Update: Repair complete following sewage spill into the river near Trail

A report from the State of Washington shows the incident happened at the Glenmerry pump on Sunday

Divers in the Columbia River near Rock Island when overage from the Glenmerry pump house spilled sewage into the river in July of 2012. Photo: File

Divers in the Columbia River near Rock Island when overage from the Glenmerry pump house spilled sewage into the river in July of 2012. Photo: File

The failure of a piece of equipment called a “level sensor” in the Glenmerry Lift Station the morning of Aug. 8 is what led to 107 cubic metres of raw sewage spilling into the river near Rock Island.

“We take any incident like this very seriously and follow all provincial regulatory requirements very closely,” Frances Maika, regional spokesperson, told the Trail Times.

“The wastewater release was reported immediately to the Province of B.C. in keeping with our regulatory requirements as part of our permit to operate our facilities.”

Maika says the level sensor has been replaced and the system has been repaired and is functioning effectively.

Regarding “the lateness of the notification” noted in the U.S. Department of Ecology report (B.C. emergency response didn’t report the spill to the Americans until the following day), Maika clarified the statement.

“I want to emphasize that we follow all regulatory procedures closely, quickly and correctly and operate our facilities in keeping with all regulatory requirements and at very high standards,” she said. “We work closely with the Province of BC on any and all activities related to our wastewater and treatment facilities.”

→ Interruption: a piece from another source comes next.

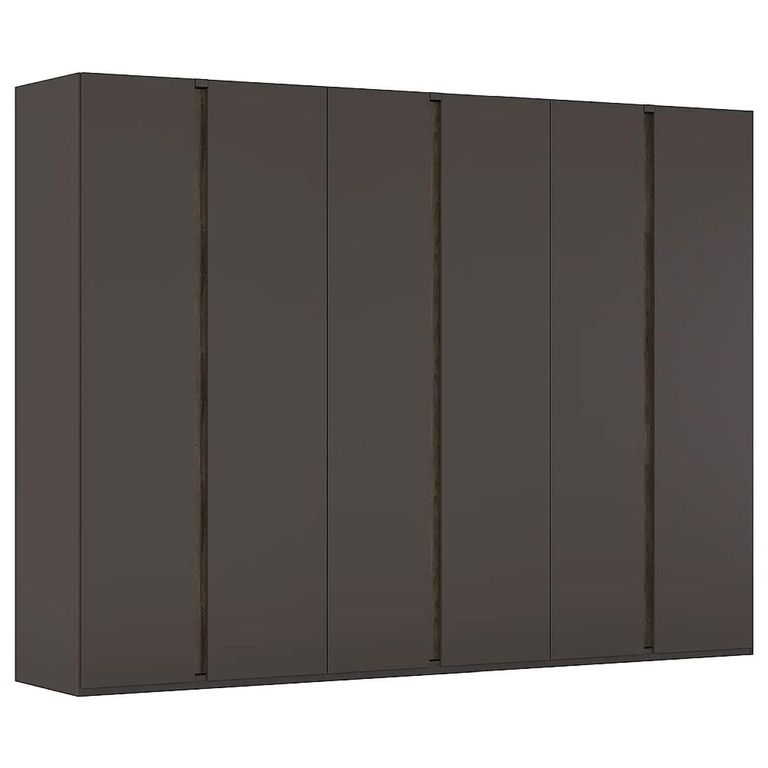 Rauch Luana 301cm 6 Door Wardrobe - Graphite and Atlantic Dark Oak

According to the U.S. Environmental Protection Agency in Seattle, 100 m3 — or 26,400 gallons — of raw sewage was dumped into the Columbia River on Sunday around noon.

The Department of Ecology report, from the State of Washington, notes the raw sewage spilled into the river from the Glenmerry pump station.

Within the report it is written, ” … the Columbia River has a high volume of water due to the influx of water from the opening of a couple of dams upstream.”

The British Columbia Environmental Emergency Program, the arm of government responsible to alert downstream water users, notified the Americans of the spill on Aug. 9 at 5 p.m.

The U.S. report also notes the B.C. emergency program acknowledged “the lateness of the notification.”

The Regional District of Kootenay Boundary (RDKB) owns the Columbia Pollution Control Center (CPCC), which is located above Highway 3B in Trail. The Glenmerry pump house carries liquid waste to the CPCC, which is a primary level sewage treatment plant that provides regional wastewater treatment and disposal for approximately 14,000 people residing in the municipalities of Trail, Rossland and Warfield, as well as Oasis and Rivervale. Each of these areas retains the responsibility for wastewater collection at the local level.